After the doctor looked her over, he came to the bed and told us he was 99% sure she had Down syndrome. I remember thinking, how am I going to love this baby? How am I going to look at her and find her beautiful? I was pretty upset that they took her away.
Andrew: It was a shock and the uncertainty of what she would be. So that day, we were most definitely feeling pretty crushed because it wasn’t how we thought the day was going to go.
Tara: And we didn’t know anything about Down syndrome or special needs kids. I didn’t know how to interact or anything like that. It was so foreign, and I was scared to be her mom. <tears> I just saw a little girl with no future. That’s really what I saw.
And then what happened?
Tara: And then I met her! <elation and laughter>
How were the next few days as you tried to process?

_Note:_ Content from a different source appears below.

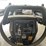#10716-•-bulldog-wd20-floor-scrubber-image-4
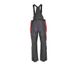 Костюм Shimano Nexus GORE-TEX Protective Suit Limited Pro RT-112T blood red - L () 2266.58.15 фото 4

Andrew: The thoughts changed from - what do we do, to - this is what it is. We had a desire to follow God’s calling for our lives with what He’d given us — to do what He wanted us to do. She was given to us for a reason, and we needed to love her and raise her as a gift from God. We were destined to have her. We had to refocus a bit and let go of what we thought she would be, and we had to leave it in God’s hands whether she would succeed or develop accordingly.
Tara: I didn’t know the reason why God gave her to us, but I accepted that I was her mom. And I knew I could love her.
We prayed that the tests would come back that she didn’t have Down syndrome, and that God could change it somehow, like it could be a miracle. It took a couple days for us to realize that the miracle wasn’t about her not having Down syndrome; the miracle was that she was born and healthy.
I took Edmund’s future for granted because I never thought I had to worry about it. And then when I had Evalynn, her future was so unknown to me that I had to rely on God for hope that she had a future. Even though Andrew was such a good person for me — strong and constantly reassuring — God was my ultimate strength and comfort.
what are some of the main differences you see between who you were before and after Evalynn?
Andrew: I didn’t think I was qualified to raise a child with Down syndrome. I didn’t consider myself good with kids in general, but she has definitely given me a deeper appreciation, not only for those with Down syndrome, but for kids with special needs. She has softened my heart. No matter what their condition, they are human beings, just like all of us.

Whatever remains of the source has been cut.